Smith filed an RCE, and the application was ultimately allowed.  In the Reasons of Allowance, the Examiner reiterated that the earlier applications failed to provide adequate support.

Roughly 4 years later, Smith filed a reexam on the '336 patent, and the Examiner rejected certain claims based on a reference ("Jules") that predated the CIP date, but was filed after the parent applications.  Smith attempted to remove Jules as valid prior art based the '336 patent's priority.  The BPAI refused to consider these arguments.

Filing a Board appeal does not, unto itself, entitle an appellant to de novo review of all aspects of a rejection. If an appellant fails to present arguments on a particular issue – or, more broadly, on a particular rejection – the Board will not, as a general matter, unilaterally review those uncontested aspects of the rejection. See, e.g., Hyatt v. Dudas, 551 F.3d 1307, 1313-14 (Fed. Cir. 2008) (the Board may treat arguments appellant failed to make for a given ground of rejection as waived).

* * *

An applicant’s statement to the examiner is a compelling disclaimer of scope such that a patent may not be entitled to an earlier priority date. . . . That is because arguments made to persuade an examiner to allow an application trump an ambiguous disclosure that otherwise might have sufficed to obtain an earlier priority date.

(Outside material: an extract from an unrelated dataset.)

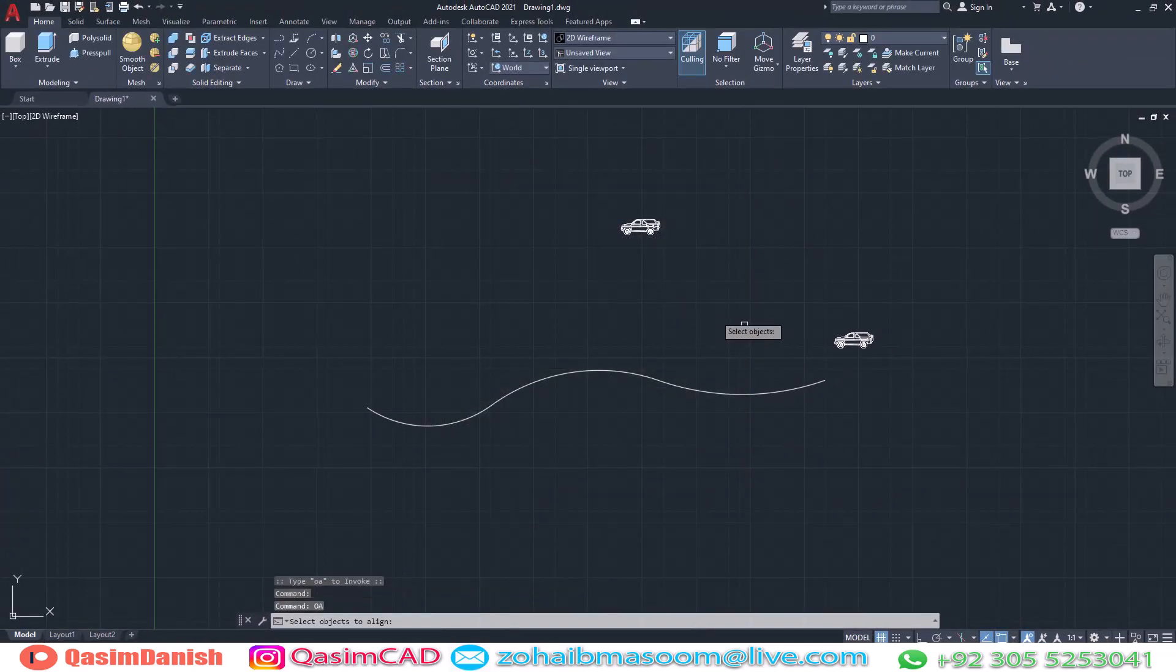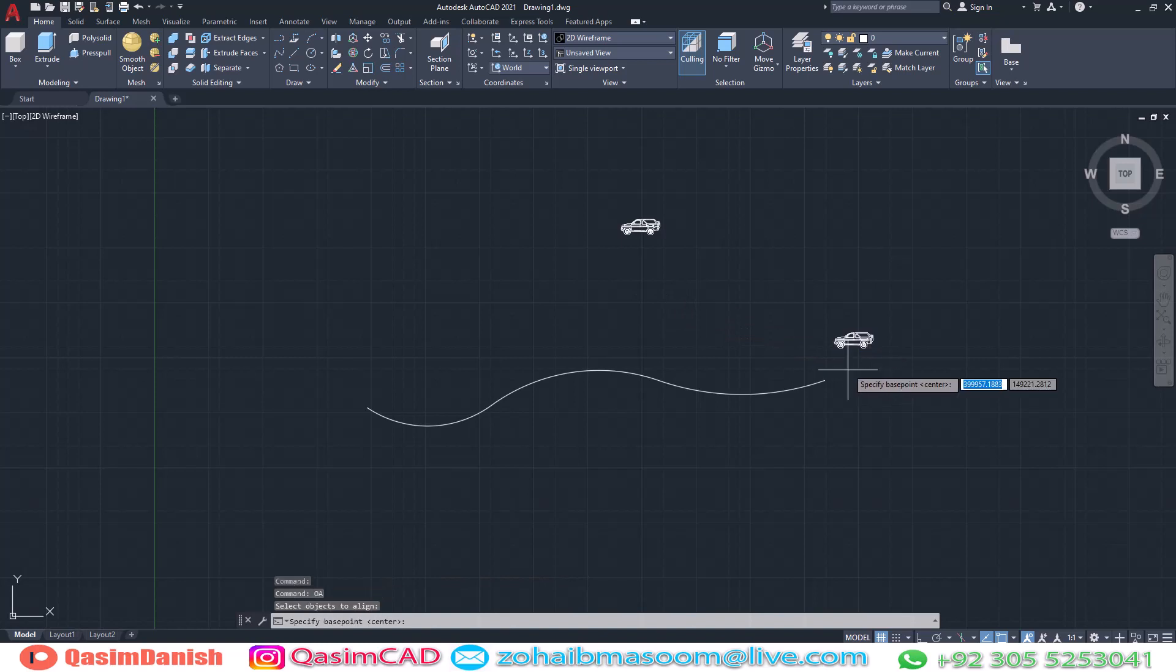Type OA command in the command bar and enter. Select the base point to align, and then select the curve.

[D]uring the course of reexamination prosecution, the Examiner denied Appellant’s claim to benefit of priority to the [parent] patent, and found no support in the [parent] patent for each of the claims in the '336 patent that recite the term “graphical image.”  However, we find no need to make a determination as to whether the [parent] Patent provides support for the contested subject-matter during this reexamination, and instead find that Appellant is estopped from disqualifying Jules as intervening art since Appellant failed to traverse the Examiner’s findings regarding priority during the original prosecution of the '336 Patent and in fact did not raise any issues regarding benefit of priority to the [parent] patent in the Request for Ex Parte Reexamination by Patent Owner.

In making this determination, we find that during the original prosecution of the '336 patent, the Examiner made specific unambiguous priority findings during a First Office Action, a Final Office Action, and again in the Examiners Reasons for Allowance. In response to these priority findings, Appellant did not contest the findings other than to correct the Examiner’s apparent clerical error.  Thus, in overcoming the prior art during the prosecution of the '336 patent without attempting to traverse the Examiner’s priority findings, the Appellant forwent opportunities to persuade the Examiner that there may be support for the contested subject-matter in an ambiguous disclosure that otherwise might have sufficed to obtain an earlier priority date.

Further, while we realize that a patentee’s silence in the face of the Examiner’s Reasons for Allowance should not be treated as an acquiescence, we do find these facts compelling, and thus cannot be ignored when combined with the Appellant’s silence in the responses to formal office actions during the original prosecution. As a result, we find that it would be reasonable to infer from this that Appellant did not contest the Examiner’s priority findings, and indeed is not rightfully entitled to benefit from the [parent] patent’s earlier effective filing date for the claims presently at issue. Thus, we find that based upon Appellant’s silence and the prosecution history in toto, it would be reasonable for a competitor to believe that the applicant had disavowed priority  . . . based on the original Examiner’s priority findings.